You're right of course. People will flock to Meta, it will probably become the poster boy of the Fediverse over a few years, and then little by little the evil will creep in until it's so established we just accept it, same as we've done with Facebook. The terrible thing is that it will not be something we can just op-out of. I can chose not to use Facebook. With this situation, I would have to chose not to use the entire ActivityPub protocol, not just Meta's platform.

It's a disaster waiting to happen. Like you said, I don't think we can do much, and even if we try, it'll fracture the whole fediverse concept. But when you ask "Why are people concerned about Meta using ActivityPub?" this is why.

[–] polygon@kbin.social 3 points 1 year ago* (last edited 1 year ago) (4 children)

Sure, but you can't get investors interested in a bot. You can sell them a platform though. Meta will make the flashiest UI the fediverse has ever seen and sell that to investors, while harvesting and selling everything on the fediverse whether you use their platform or not. The only possible way to keep your data out of Meta's hands is to defederate anyone and everything associated with them. I know it sounds tinfoil hat, but honestly evaluate how Facebook does business and then imagine how ripe ActivityPub is for that sort of exploitation. If I used Facebook I have agreed to allow myself to be data mined, but if I use kbin I have not agreed, and yet, Meta can still do it if even one mutual server has agreed (or been paid) to federate to both platforms.

[–] polygon@kbin.social 3 points 1 year ago* (last edited 1 year ago) (6 children)

I feel a little lame quoting myself, but I was just having this discussion elsewhere so I'm just going to copy/pate my thoughts rather then thinking of a different way to say it this time.

Say you have 10 servers. 7 are Lemmy, 3 are kbin. Great, each admin has control over those servers. Then you have Meta. They'll run 1 huge server. When the 10 other servers enable Federation, Meta now has 10 servers of content that isn't even on their own platform that they can sell. Your data will literally exist on the Meta server because your data is not contained within your instance/platform once it's Federated. Meta can then harvest the entire Fediverse for data like this. It's like an absolute wet dream for them.
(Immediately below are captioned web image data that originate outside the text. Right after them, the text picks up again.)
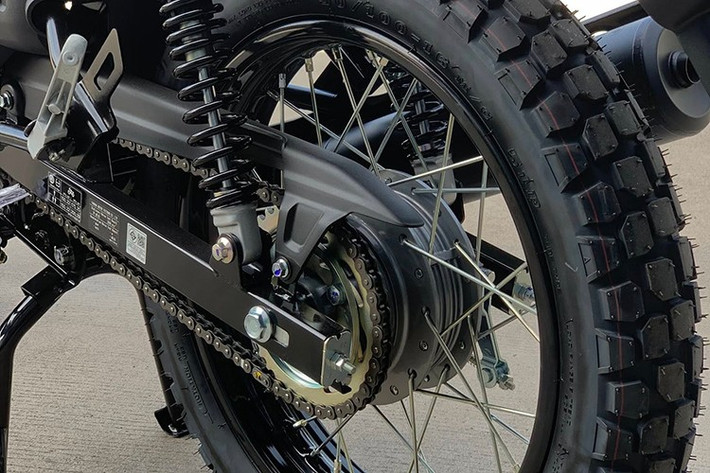 Ở bản 2025, PG-1 vẫn giữ nguyên kiểu dáng tổng thể nhưng được bổ sung bộ tem mới và nhiều lựa chọn màu sắc nổi bật hơn. Nâng cấp đáng chú ý nhất là phanh ABS cho bánh trước, đi kèm đĩa phanh 245 mm cho hai phiên bản Cao cấp và Giới hạn.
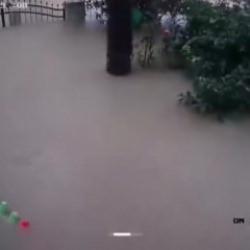 İstanbul'u vuran sağanağın dehşeti: Beykoz'da bah&ccedil;e 60 dakikada sulara g&ouml;m&uuml;ld&uuml;!
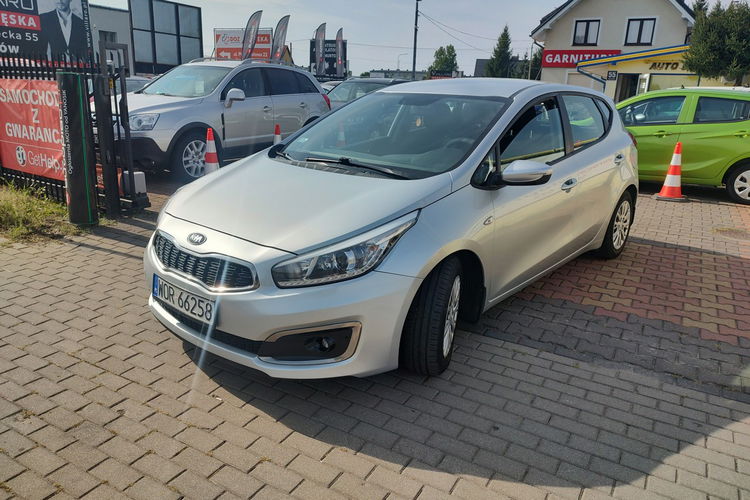 Kia Cee'd 1.6 CRDi 110KM Salon Polska II właściciel zdjęcie 10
They don't even have to coax people to use their own platform!

If your instance has defederated from Meta, but is federated with an instance that does federate with Meta, then Meta still has access to all your data through that mutual server. So not only would people have to defederate from Meta, they'd have to defederate with anyone who does federate with Meta. If everyone isn't on board with this, it'll cause a huge fracture to form.

Make no mistake: Meta wants to sell your data. They know all it takes is one server to federate with them and they've unlocked the entire fediverse to be harvested. I would not be shocked to see large amounts of cash flowing in exchange for federation rights.
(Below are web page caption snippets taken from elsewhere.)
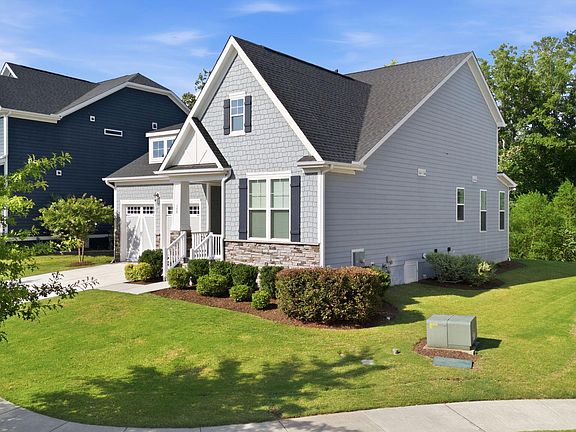 3rd image of 129 Treeline Ct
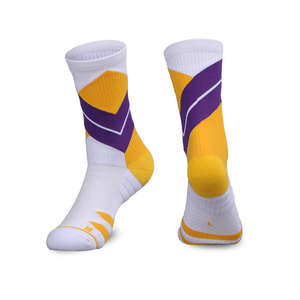 Chaussettes de basketball mi-mollet en gros, directement des usines, adaptées aux hommes et aux femmes, absorbant la transpiration - Product Image 4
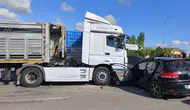 Konya Seydişehir’de tır ile otomobil kavşakta çarpıştı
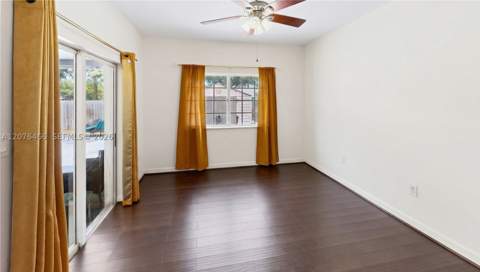 2851 NE 42nd Ave, Homestead FL - photo 19 of 75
Meta must be defederated the second they so much as dip a toe into the Fediverse or everything you've ever done, or do, on any ActivityHub platform will be scooped up and sold.

I'll just add that Meta will state that anything on their server is their property, and Federation will put your data directly on their server, even if you're not a member of their platform.

[–] polygon@kbin.social 8 points 1 year ago (4 children)

The problem is that the blocking will have to be layers deep. If your instance has defederated from Meta, but is federated with an instance that does federate with Meta, then Meta still has access to all your data through that mutual server. So not only would people have to defederate from Meta, they'd have to defederate with anyone who does federate with Meta. If everyone isn't on board with this, it'll cause a huge fracture to form.

Make no mistake: Meta wants to sell your data. They know all it takes is one server to federate with them and they've unlocked the entire fediverse to be harvested. I would not be shocked to see large amounts of cash flowing in exchange for federation rights.